The input:
+===+

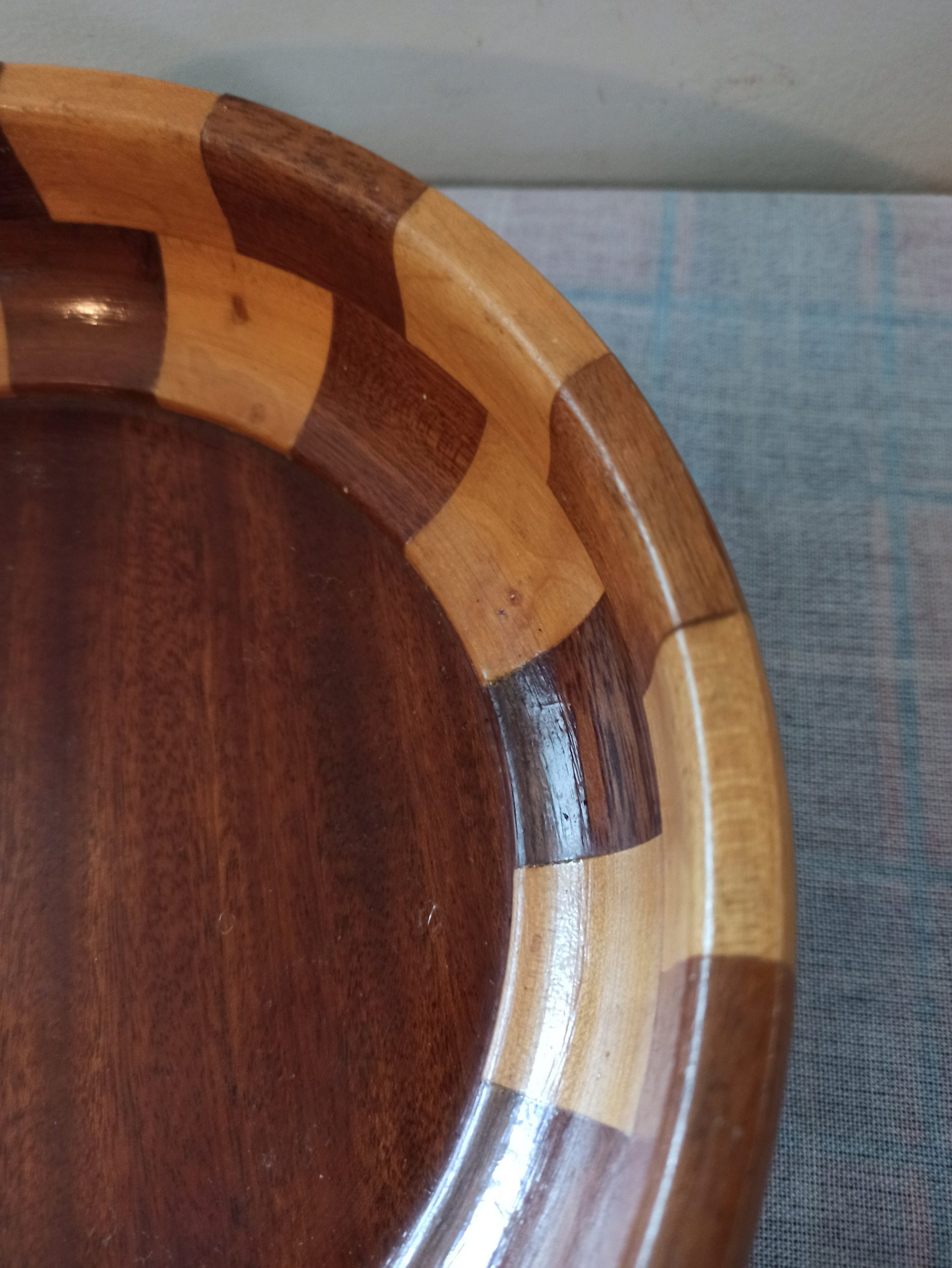 Vintage Wooden Treen Fruit Bowl. Inlaid Wood. Very Good Condition. - Image 3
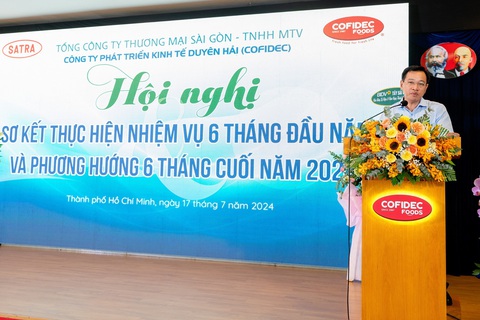 Cofidec: Sẽ đa dạng hóa thị trường xuất khẩu, tăng doanh thu- Ảnh 1. Ông Hà Ngọc Sơn, phó tổng giám đốc SATRA, phát biểu tại hội nghị - Ảnh: Satra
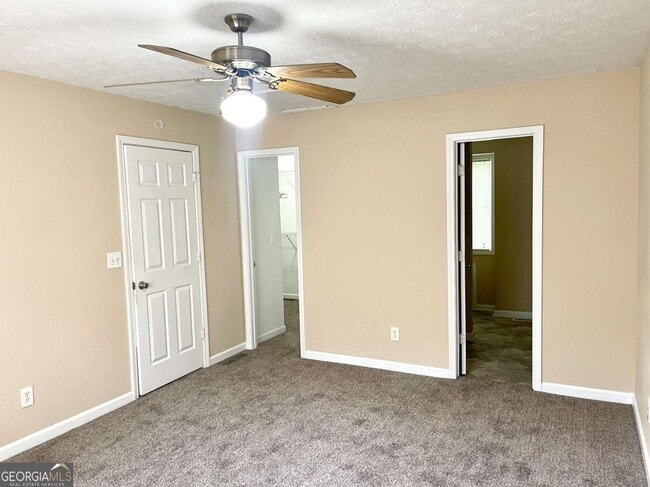 Building Photo - 5614 Ryan Way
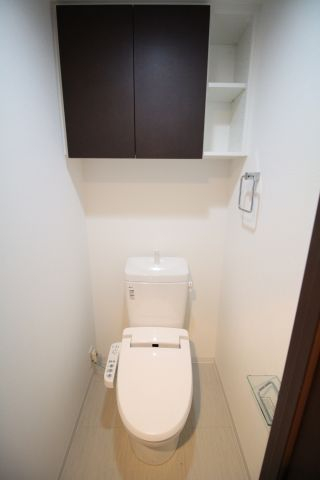 【北区堀船のマンションのトイレ】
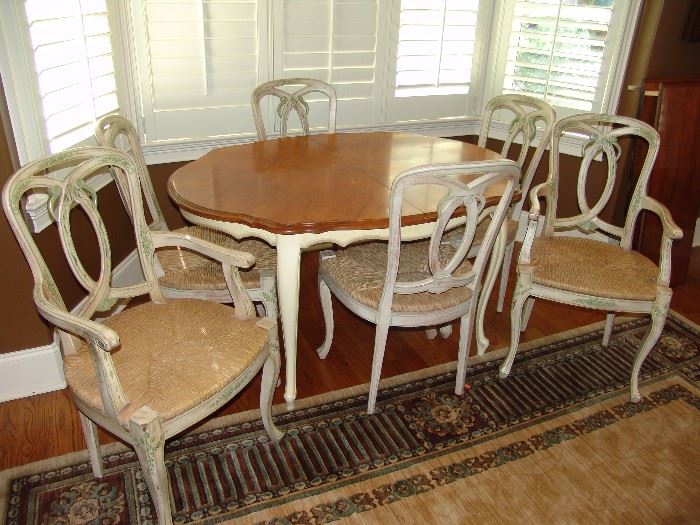 La Barge country French dining table with 6 chairs and 2 leaves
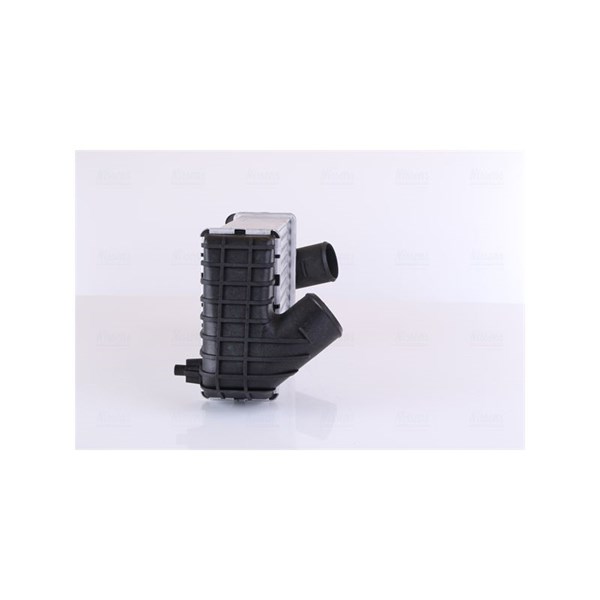 Intercooler Nissens 96700 NISSENS Intercooler Nissens 96700 NISSENS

+===+

What you will do:
For this exercise, transcribe the data above line by line, exactly, with pictures omitted.

Solution to the exercise:
 Vintage Wooden Treen Fruit Bowl. Inlaid Wood. Very Good Condition. - Image 3
 Cofidec: Sẽ đa dạng hóa thị trường xuất khẩu, tăng doanh thu- Ảnh 1. Ông Hà Ngọc Sơn, phó tổng giám đốc SATRA, phát biểu tại hội nghị - Ảnh: Satra
 Building Photo - 5614 Ryan Way
 【北区堀船のマンションのトイレ】
 La Barge country French dining table with 6 chairs and 2 leaves
 Intercooler Nissens 96700 NISSENS Intercooler Nissens 96700 NISSENS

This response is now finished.